Great Solution: Distributed Lock with TTL
Approach
To solve the timeout issue, we can use a distributed lock implemented with an in-memory data store like Redis. When a ride request is sent to a driver, a lock is created with a unique identifier (e.g., driverId) and a TTL set to the acceptance window duration of 10 seconds. The Ride Matching Service attempts to acquire a lock on the driverId in Redis. If the lock is successfully acquired, it means no other service instance can send a ride request to the same driver until the lock expires or is released. If the driver accepts the ride within the TTL window, the Ride Matching Service updates the ride status to "accepted" in the database, and the lock is released in Redis. If the driver does not accept the ride within the TTL window, the lock in Redis expires automatically. This expiration allows the Ride Matching Service to consider the driver for new ride requests again.
Challenges
The main challenge with this approach is the system's reliance on the availability and performance of the in-memory data store for locking. This requires robust monitoring and failover strategies to ensure that the system can recover quickly from failures and that locks are not lost or corrupted. Given locks are only held for 10 seconds, this is a reasonable tradeoff as the emphemorality of the data makes it easier to recover from failures.
Locking with TTL
4) How can we ensure no ride requests are dropped during peak demand periods?
During peak demand periods, the system may receive a high volume of ride requests, which can lead to dropped requests. This is particularly problematic during special events or holidays when demand is high and the system is under stress. We also need to protect against the case where an instance of the Ride Matching Service crashes or is restarted, leading to dropped rides.

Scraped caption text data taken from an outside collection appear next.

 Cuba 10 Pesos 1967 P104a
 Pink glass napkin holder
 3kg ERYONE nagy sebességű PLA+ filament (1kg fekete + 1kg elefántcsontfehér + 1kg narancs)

Bad Solution: First-Come, First-Served with No Queue
Approach
The simplest approach is to process ride requests as they come in without any queuing system (as is currently done in our design). This is a first-come, first-served approach and what we currently have in our high-level design.
Challenges
The main issue with this approach is that it does not scale well during high-demand periods. As the number of incoming requests increases, the system may become overwhelmed and start dropping requests, leading to a poor user experience. We can scale our ride matching service horizontally to handle more requests, but with sudden surges in demand, we may not be able to scale quickly enough to prevent dropped requests.
Additionally, if a Ride Matching Service goes down, any ride requests that were being processed by that instance would be lost. This could result in riders waiting indefinitely for a match that will never come, leading to a poor user experience and potential loss of customers. There's no built-in mechanism for request recovery or failover in this approach.
Great Solution: Queue with Dynamic Scaling
Approach
To address this issue, we can introduce a queueing system with dynamic scaling. When a ride request comes in, it is added to the queue. The Ride Matching Service then processes requests from the queue in a first-come, first-served manner. If the queue grows too large, the system scales horizontally by adding more instances of the Ride Matching Service to handle the increased load. This allows us to scale the system dynamically based on demand, ensuring that no requests are dropped. We can also partition the queues based on geographic regions to further improve efficiency.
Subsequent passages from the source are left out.